MATERIAL PROVIDED =
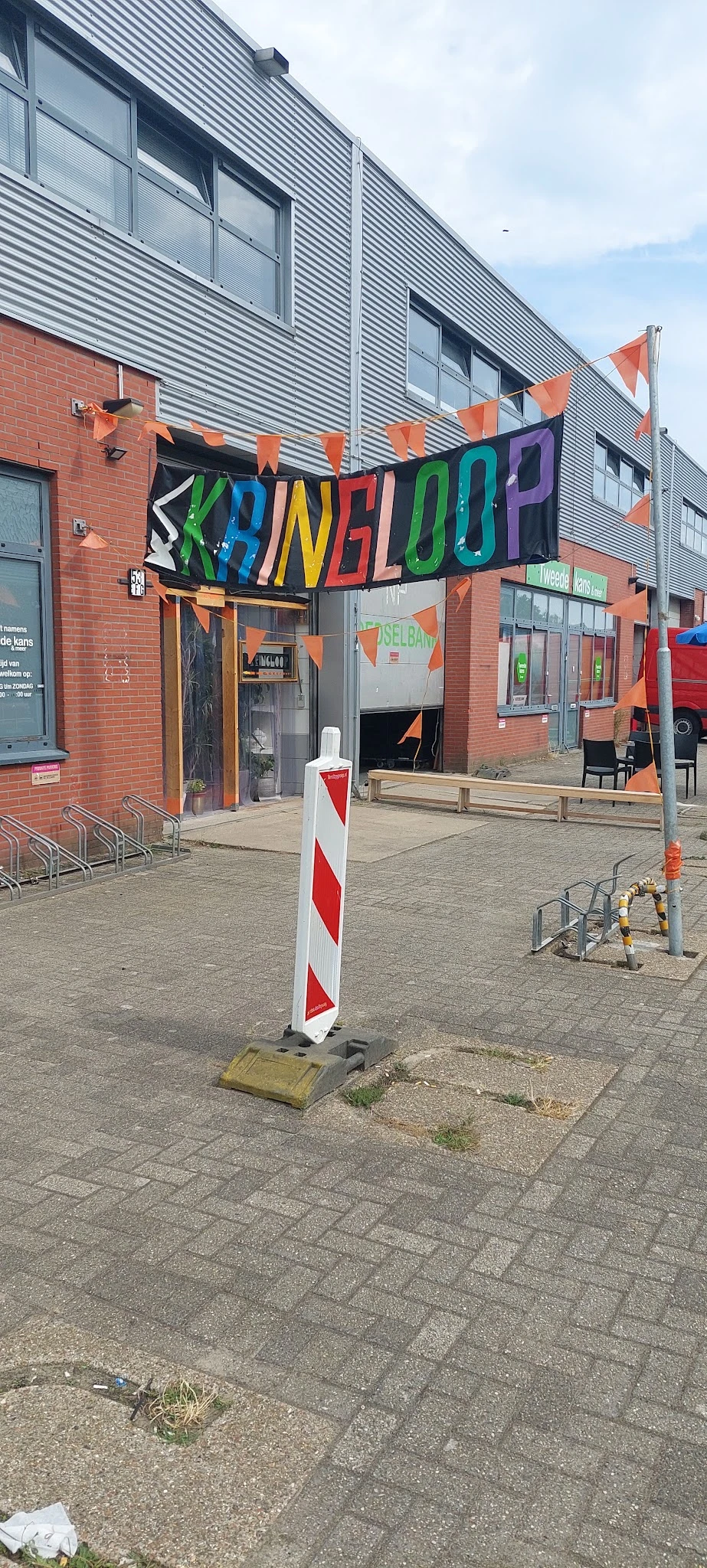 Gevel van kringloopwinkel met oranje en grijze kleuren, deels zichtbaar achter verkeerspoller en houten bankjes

==

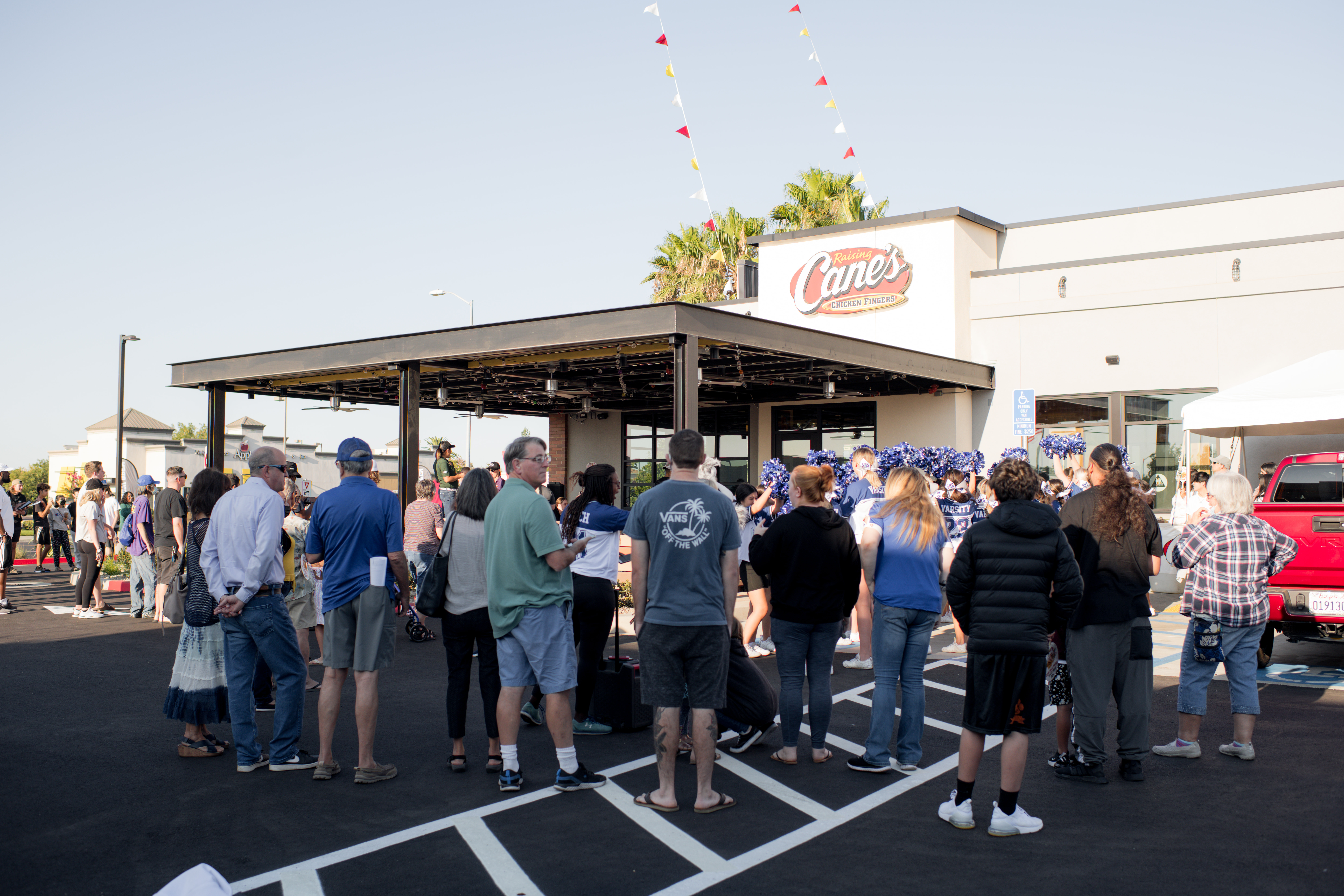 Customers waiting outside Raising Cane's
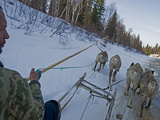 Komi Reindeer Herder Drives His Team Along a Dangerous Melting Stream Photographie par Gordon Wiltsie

WORK INSTRUCTIONS = Copy only what lies between the line with "Customers waiting outside Raising Cane's" and the line with "Komi Reindeer Herder", those two lines included, exactly as given above; pictures stay out.

RESULT OF THE TASK =
 Customers waiting outside Raising Cane's
 Komi Reindeer Herder Drives His Team Along a Dangerous Melting Stream Photographie par Gordon Wiltsie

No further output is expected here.